Her analysis of the Welsh economy reveals only 86 of 353 professions show gender balance, and nearly one quarter of all women work in just one, single (lower-paid) sector – health and social care.
Because the ONS measures median hourly earnings, the simple fact more women work in low-paid sectors and more also work part time – six million women work part time compared with two million men, according to Business in the Community – means there is automatically a pay gap.
For HR chiefs, though, solving it means tackling much more complicated areas – deep-rooted social stereotyping, including tackling how women decide to enter sectors in the first place, what hinders progression, job design and, because women are still predominantly carers, how to accommodate family life.
“Society conditions women from a very early age to enter certain occupations,” says Angela Wright, senior lecturer at the University of Westminster and former remuneration adviser to several public sector pay bodies. “This contributes to occupational segregation that employers didn’t create.”
Jemima Olchawski, head of policy and insight at equality group the Fawcett Society, adds: “We still think women are being paid less for the same work, but it’s a fact that in 2013 only 400 women started an engineering apprenticeship, while 13,000 men did. Society still dictates women display certain behavioural traits, so to be seen as go-getting or careerist is regarded as being outside these norms.”
So do HR professionals have any real power to impact trends that appear to be out of their control? The good news is that commentators believe they do.
“Evidence suggests pay gaps widen with each dependent child women have and with part-time working,” says Dr Wright. “When people suggest women ‘choose’ to work flexibly after having children, HR has to challenge this by having better job design that asks whether they are condemning women to lower-flying careers once they return.”
Flexible working is often heralded as the answer to this, but she believes HR needs to tread carefully here too. “Flexi-working can actually entrench the notion that women’s work is part time,” she says.
“Making paternity leave pay the same is another solution,” says Ms Olchawski. “This removes the tendency for women to automatically take time out and miss pay rises or promotions.”
Other experts argue HR can be instrumental in tackling Britain’s long-hours culture, which they claim exacerbates differences between full-time and part-time work. “The very phrase ‘part time’ indicates these workers aren’t interested in progression and career development,” says Dr Parken. “Job ads should remove this reference, so that work is couched more as tasks required rather than number of hours put in.”

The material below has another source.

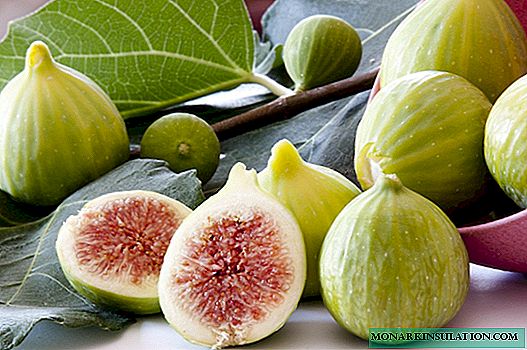 Figs - home growing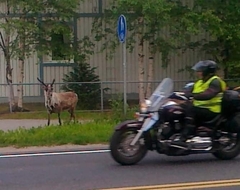 Rangifer tarandus domesticus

One thing HR directors can’t do overnight is raise pay in poorly valued occupations and businesses rightly worry there can be the impression of a discriminatory gender pay gap when one doesn’t actually exist. For instance, women taking two years out to have children will miss two rounds of typically 2 to 3 per cent pay rises.
This is why many firms are sceptical of new gender pay reporting requirements, expected this October. Reporting is the government’s big idea to tackle pay gaps, and all firms with 250 staff will have to report mean and median pay differences, the numbers of men and women in each quartile of overall pay distribution, and differences between mean bonus payments.

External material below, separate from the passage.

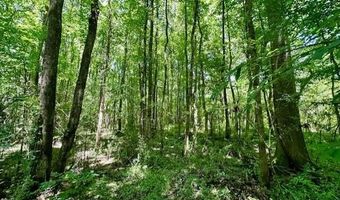 NE Williams Street, Brookhaven, MS 39601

Until organisations have gender data, they can’t begin to see where they might need change
“Gender reporting is controversial because it will expose gaps – some legitimate – that need further explanation,” says Dr Wright. “But this has to be positive because it will force firms to have conversations and it will reveal behaviour they might not have been aware of. For instance, a high street bank recently did its pay audit and found line managers tended to give higher pay rises to men.”
Some firms are already ahead of the curve. Maxus, the UK’s fastest-growing media agency, has Lindsay Pattison as its high-profile chief executive, and in the last year she’s personally developed initiatives encouraging women to rise up through the business and be paid the same as men.
She already publishes the agency’s pay gap, which is 4 per cent globally but is actually 1 per cent in favour of women in the UK. A quarter of its board are female, double the UK average. “These figures prove our approach is working,” she says. “We now insist that for any senior hire, a female is at least on the shortlist. My view is this, until organisations have gender data, they can’t begin to see where they might need change.”
With pay influenced by so many factors, the task facing HR is certainly a big one, but by forging relationships with talent earlier on, such as promoting historically male roles to school-aged girls, and supporting women at all stages of their career, they can certainly play a significant role.